COLLECTED MATERIAL:
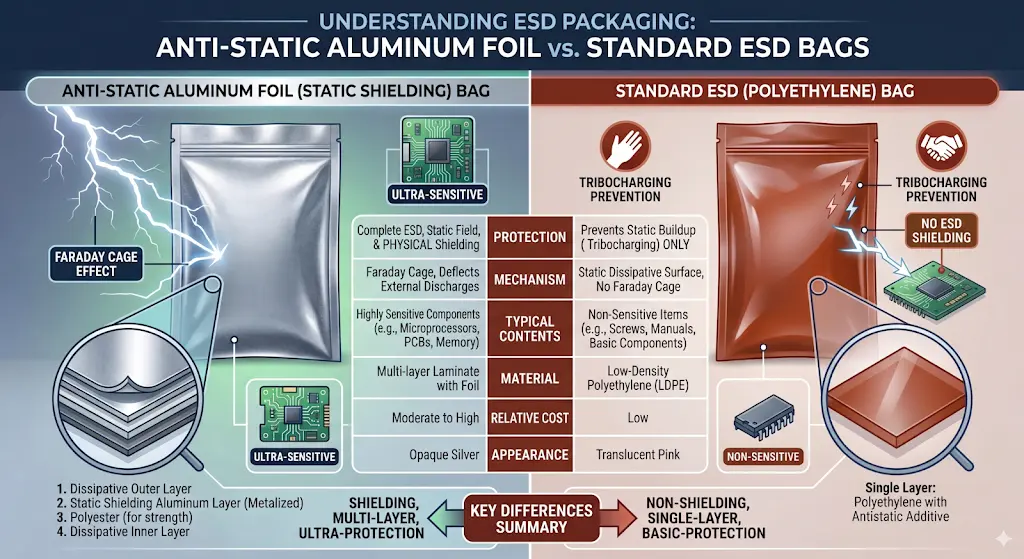 Anti-static Aluminum Foil Bags vs Standard ESD Bags
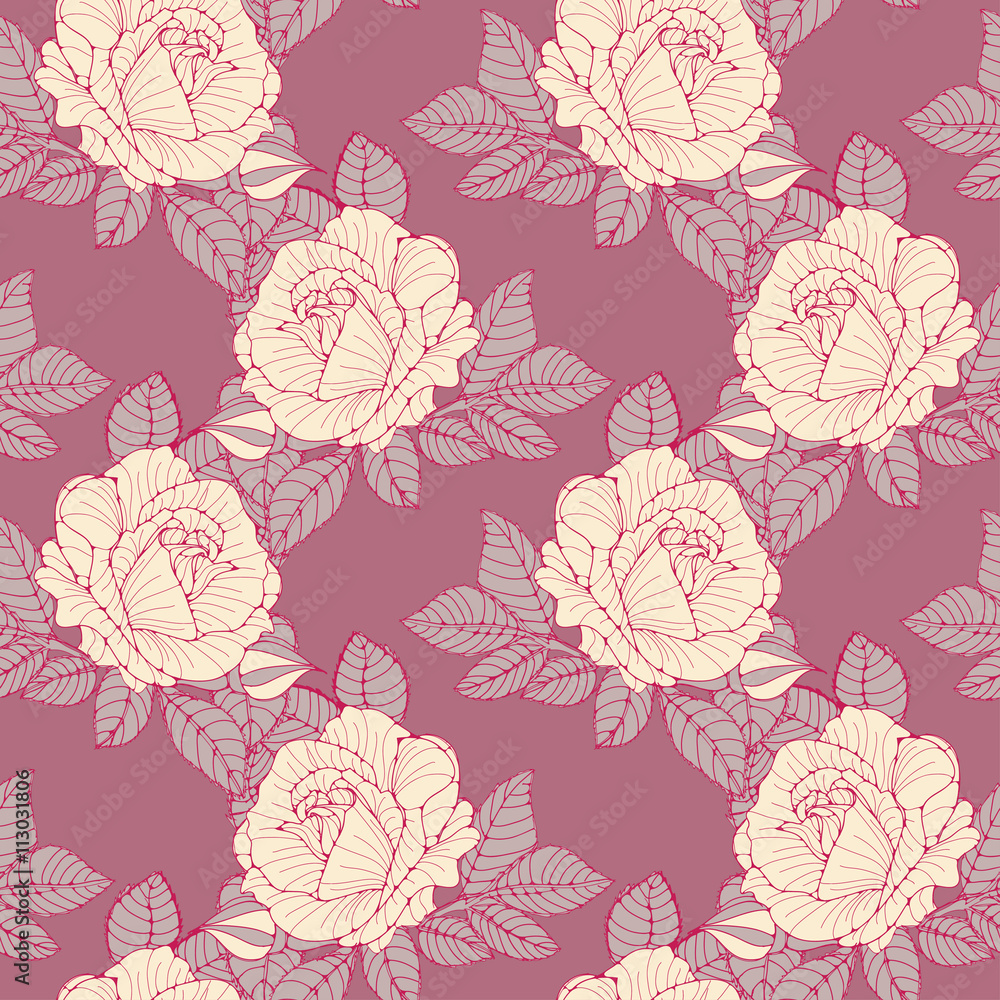 a romantic English style wallpaper seamless tile with ivory roses on a pink  background Stock Vector | Adobe Stock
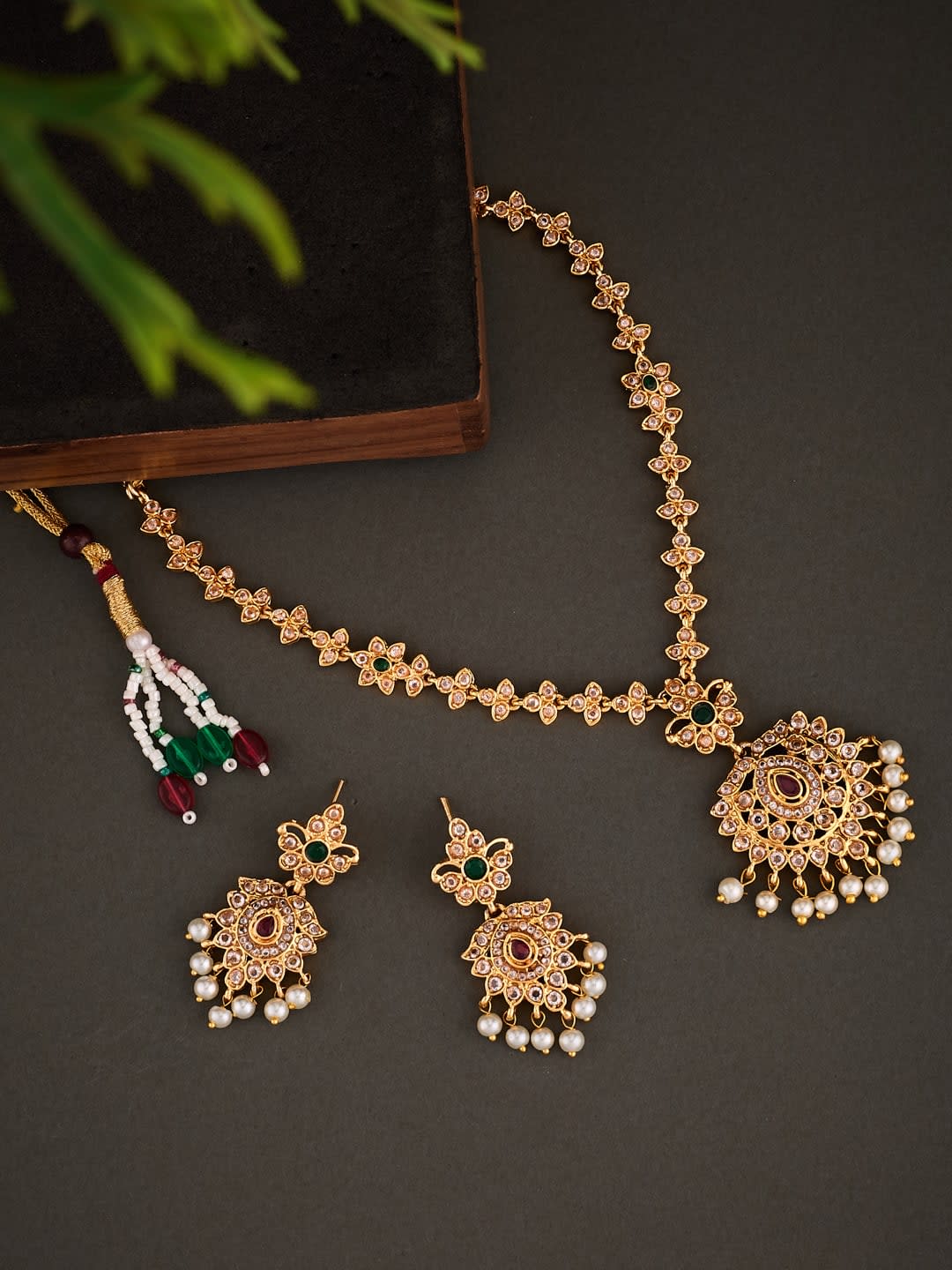 ATIBELLE Gold-Plated Stone-Studded & Beaded Necklace and Earrings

HOW TO COMPLETE THIS TASK: No pictures belong in the copy. Retype exactly, and only, the lines from the line containing "a romantic English" through the last line of the data, both included.

YOUR SOLUTION:
 a romantic English style wallpaper seamless tile with ivory roses on a pink  background Stock Vector | Adobe Stock
 ATIBELLE Gold-Plated Stone-Studded & Beaded Necklace and Earrings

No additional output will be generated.